In un suo post di qualche giorno fa, Giovanna Cosenza denunciava il sessismo del governo Renzi attraverso una lucida definizione: «Fare sessismo significa guardare una persona, e cioè valutarla, giudicarla, fotografarla, riprenderla in video, in una parola “definirla” (con parole e/o immagini), per il suo sesso, punto e basta. Non per ciò che sa, pensa, dice, sente. Non per quel che ha fatto o potrebbe fare. Non per la sua storia personale e/o professionale. Ma solo per il sesso che le si attribuisce, con tutti gli stereotipi che si porta dietro: vestiti, posture, comportamenti, tic vari. Ed è sessismo, attenzione, anche quando lo sguardo – il giudizio, la valorizzazione, la definizione – sono positivi, non solo quando sono negativi».

L’appello bipartisan delle nostre parlamentari per inserire nell’Italicum la parità di genere ha lo stesso sapore strumentale dello scegliere metà dei ministri donna (e sventolarlo come “progresso”). Parlare di necessità delle quote rosa nella rappresentanza politica è un boomerang che invece di favorire la parità dei sessi ne rimarca la disparità. Crea una specie protetta, da riserva indiana, che è propria del sessismo, non della parità. Che una donna valga in quanto “donna” e non in quanto “capace” cos’è se non sessismo?

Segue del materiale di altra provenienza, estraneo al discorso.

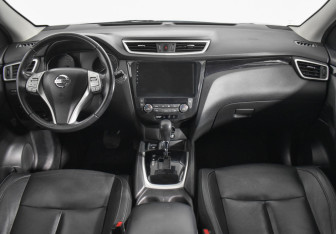 Подержанный автомобиль Nissan Qashqai 2017 года (13 фото)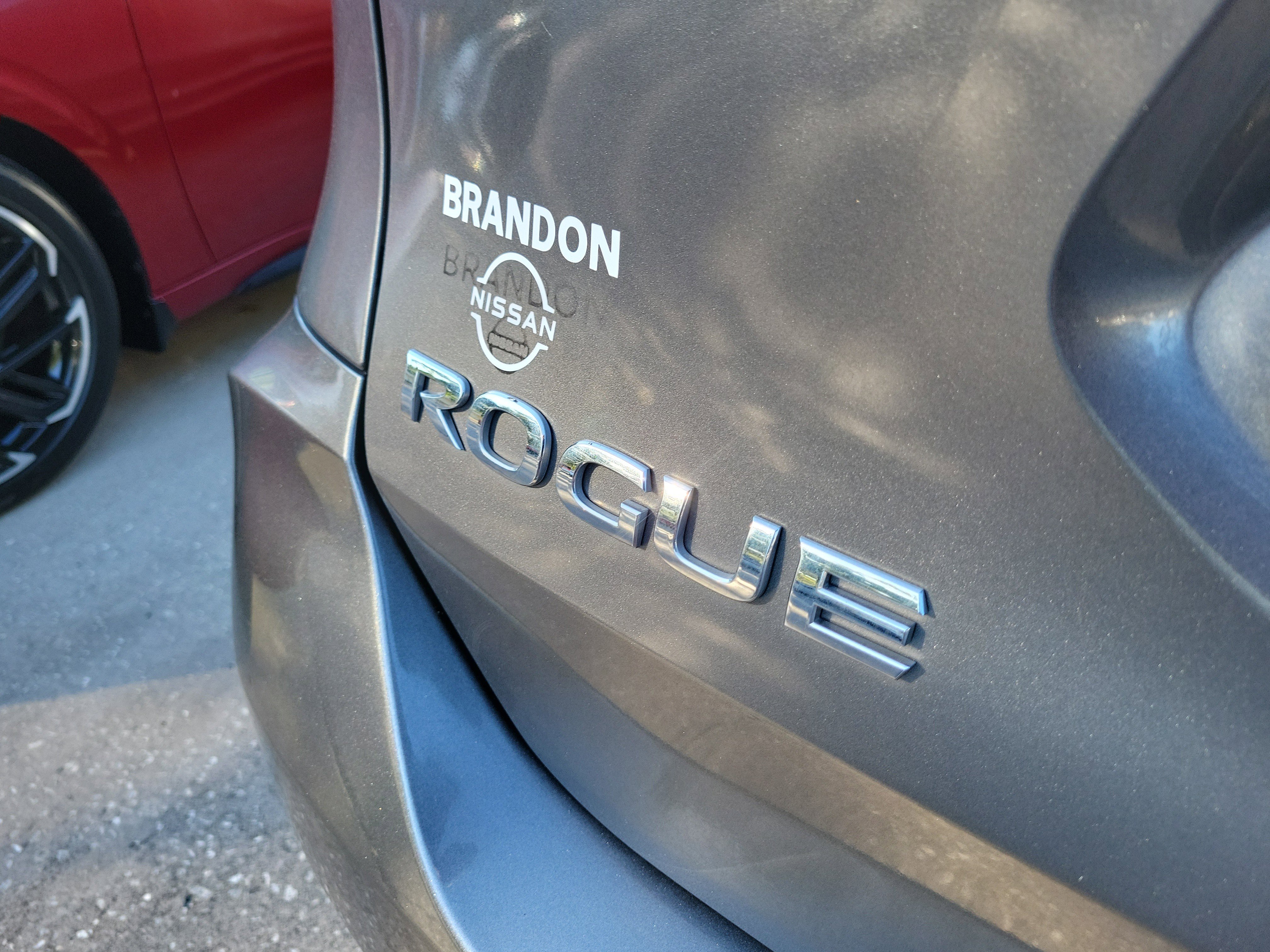 Used 2018 Nissan Rogue SL w/ Premium Package FWD image 8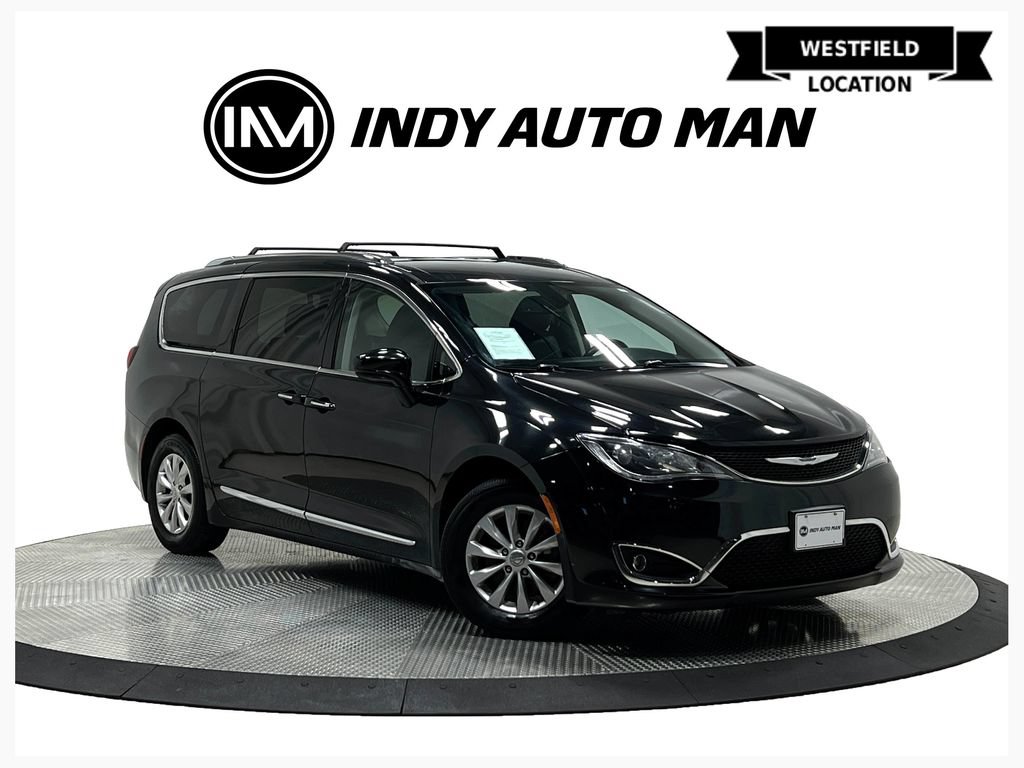 Used 2019 Chrysler Pacifica Touring-L FWD 360° Tour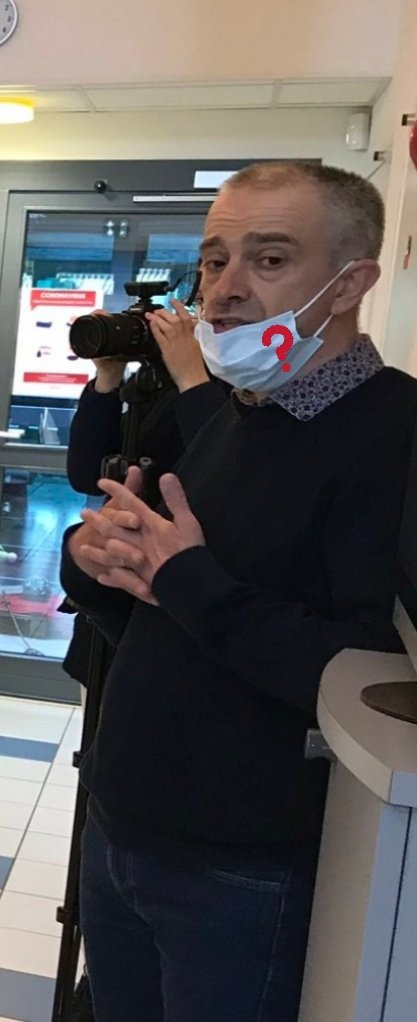 laroulotte49's tweet photo. Réserve #pédagogique pour le capitaine de frégate sur le #Triomphant 😂😂😂Quant au masque anti postillons, heureusement que vous avez gardé vos distances face au monsieur qui le porte sur le menton 😳😳😳
@choletagglo
#Covid_19fr
#confinementjour29 https://t.co/XNdCev9hp2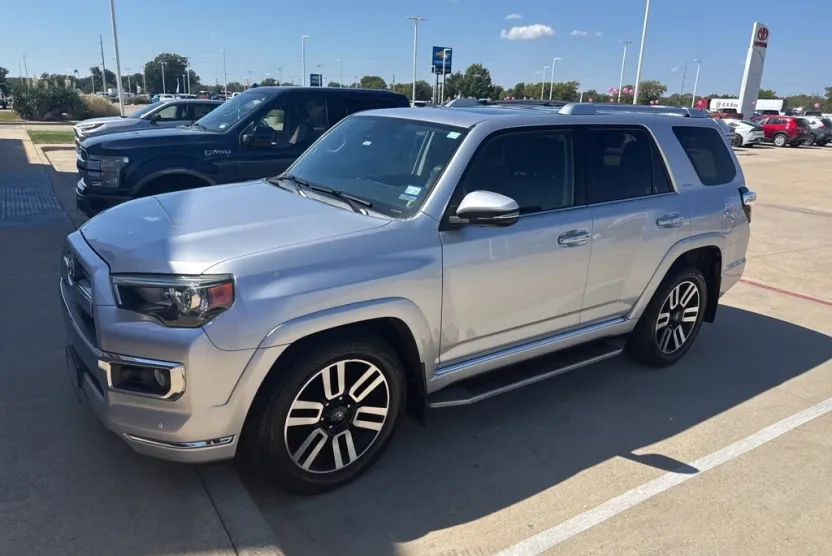 2020 Toyota 4Runner SR5 photo 1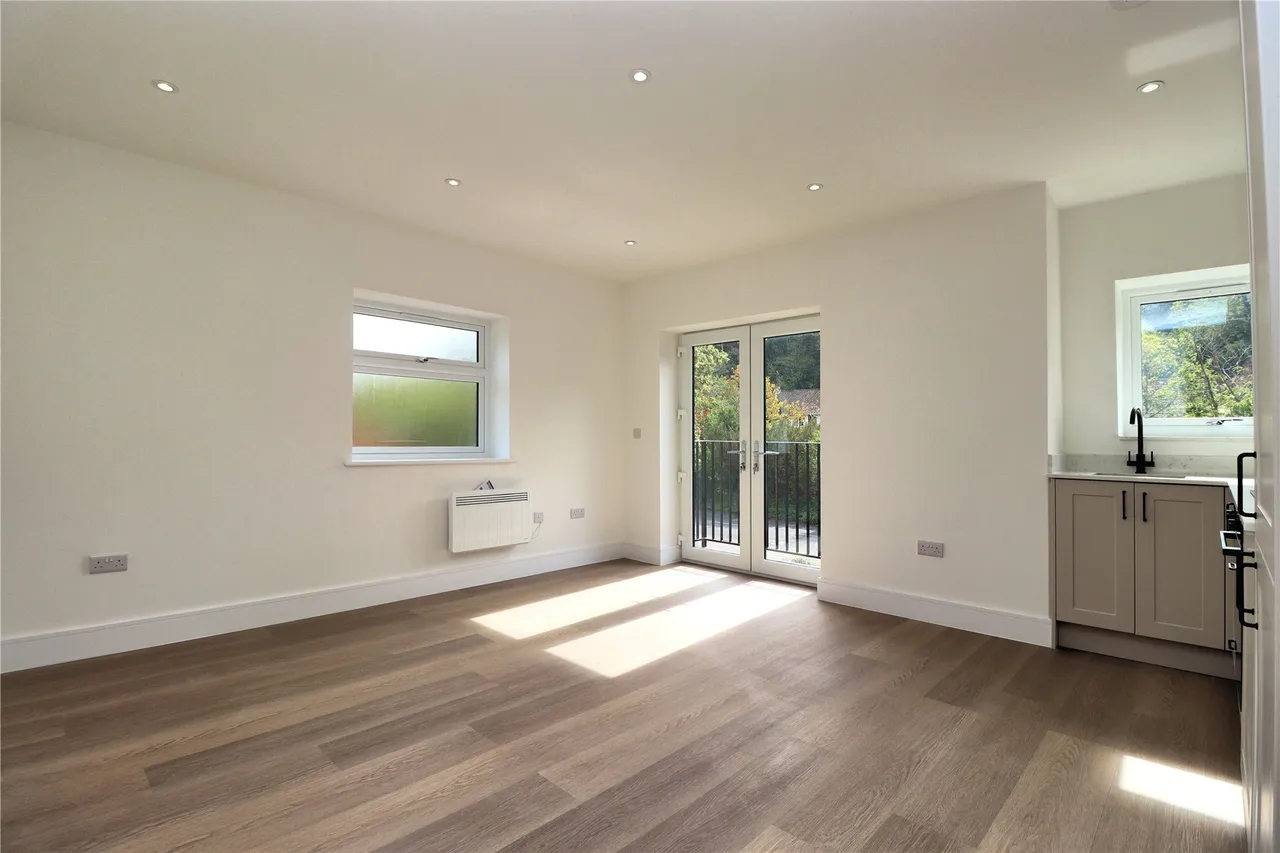 St. Johns Road, Woking, GU21, photo 3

In tutto ciò, poi, emerge un ulteriore controsenso. Con le liste bloccate dell’Italicum si costringono i cittadini a fidarsi delle scelte di partito senza poter esprimere le proprie preferenze. Le parlamentari promotrici dell’iniziativa, invece di battersi affinché gli elettori possano scegliere i loro rappresentanti (anche donne, s’intende), chiedono di aggiungere un’altra forzatura – ossia l’alternanza uomo-donna nelle liste e la parità numerica di genere dei capilista – a un sistema che già è antidemocratico. In questo modo non sarebbero discriminate le donne, ma lo sarebbero tutti gli elettori attraverso una doppia imposizione. Non solo non possono votare un candidato o una candidata, ma il loro voto andrà a un uomo piuttosto che a una donna seguendo una rigida regola numerica che prescinde dai meriti politici dei candidati, rosa o celesti che siano.

Curiosità. Tra le firmatarie dell’appello c’è l’ex ministro Stefania Prestigiacomo, che in un’intervista al Corriere dichiara che «a Berlusconi si deve riconoscere di avere avuto, nei confronti delle donne, in politica, un’apertura forte e concreta: nell’ultimo suo governo c’erano sei ministre». Ma ora, aggiunge Prestigiacomo, «lo dico con grandissimo dispiacere, però davvero Berlusconi deve fare i conti con un partito che su questi temi mostra ancora, dopo tanti anni, atteggiamenti gravemente retrogradi». Cioè colui che ha normalizzato la mercificazione femminile in politica sarebbe un cultore della parità tra i sessi. Chapeau.